%%

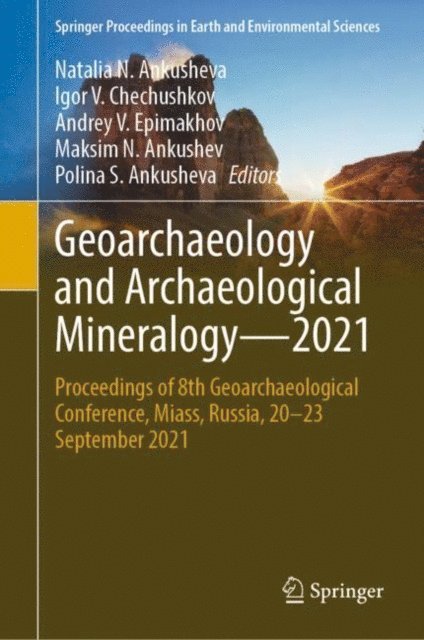 Polina S. Ankusheva, Maksim N. Ankushev, Andrey V. Epimakhov, Igor V. Chechushkov, Natalia N. Ankusheva - Geoarchaeology and Archaeological Mineralogy-2021, E-bok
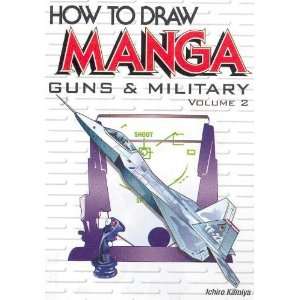   How to Draw Manga (Graphic Sha (9784766112627) Ichiro Kamiya Books
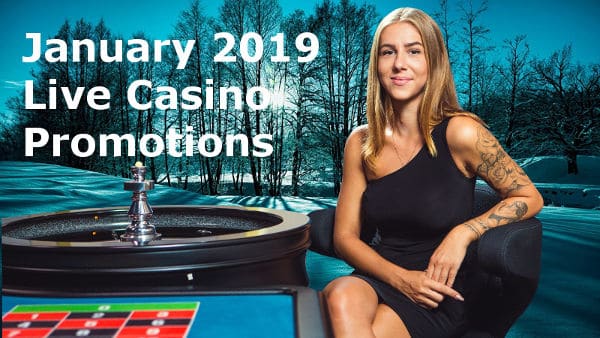 January 2019 Live Casino Promotions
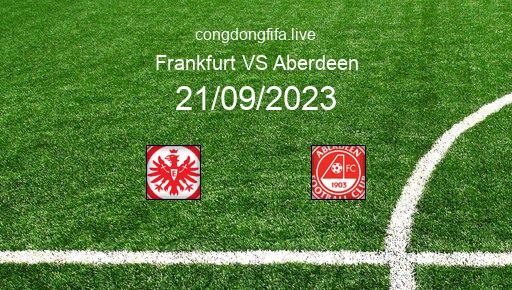 Soi kèo Frankfurt vs Aberdeen, 23h45 21/09/2023 – EUROPA CONFERENCE LEAGUE 23-24 1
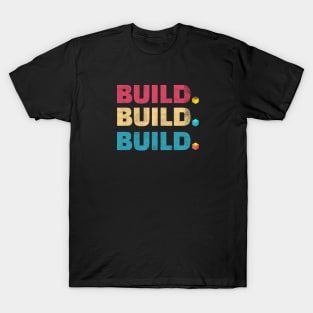 Build Build Build Building Fan T-Shirt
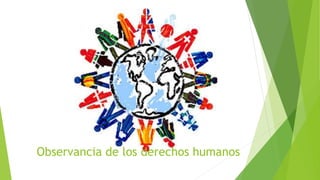 Observancia de los derechos humanos
 
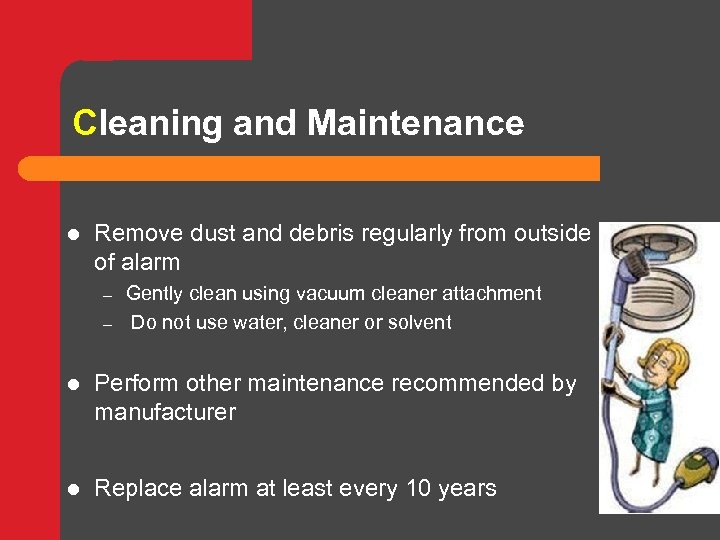 Cleaning and Maintenance l Remove dust and debris regularly from outside of alarm –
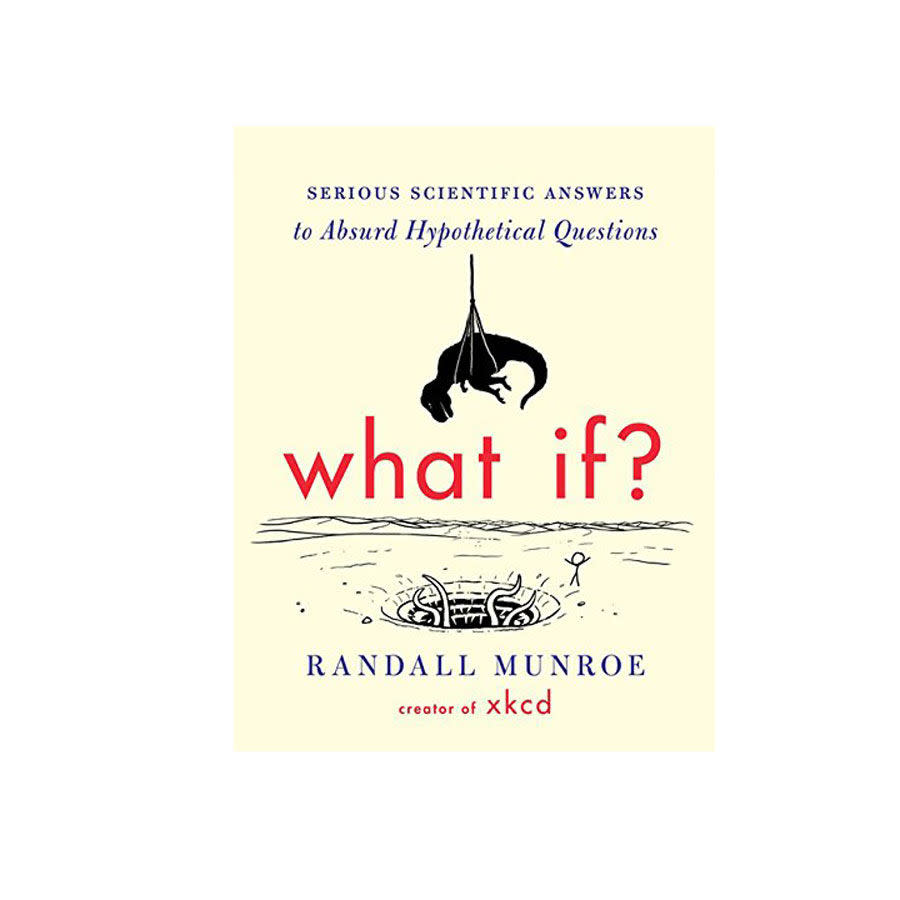 What If?: Serious Scientific Answers to Absurd Hypothetical Questions by Randall Monroe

%%

Exactly the lines running from the one with "Observancia de los derechos humanos" through the end of the listing above must be output, both ends included. No pictures belong in the output.

 Observancia de los derechos humanos
 
 Cleaning and Maintenance l Remove dust and debris regularly from outside of alarm –
 What If?: Serious Scientific Answers to Absurd Hypothetical Questions by Randall Monroe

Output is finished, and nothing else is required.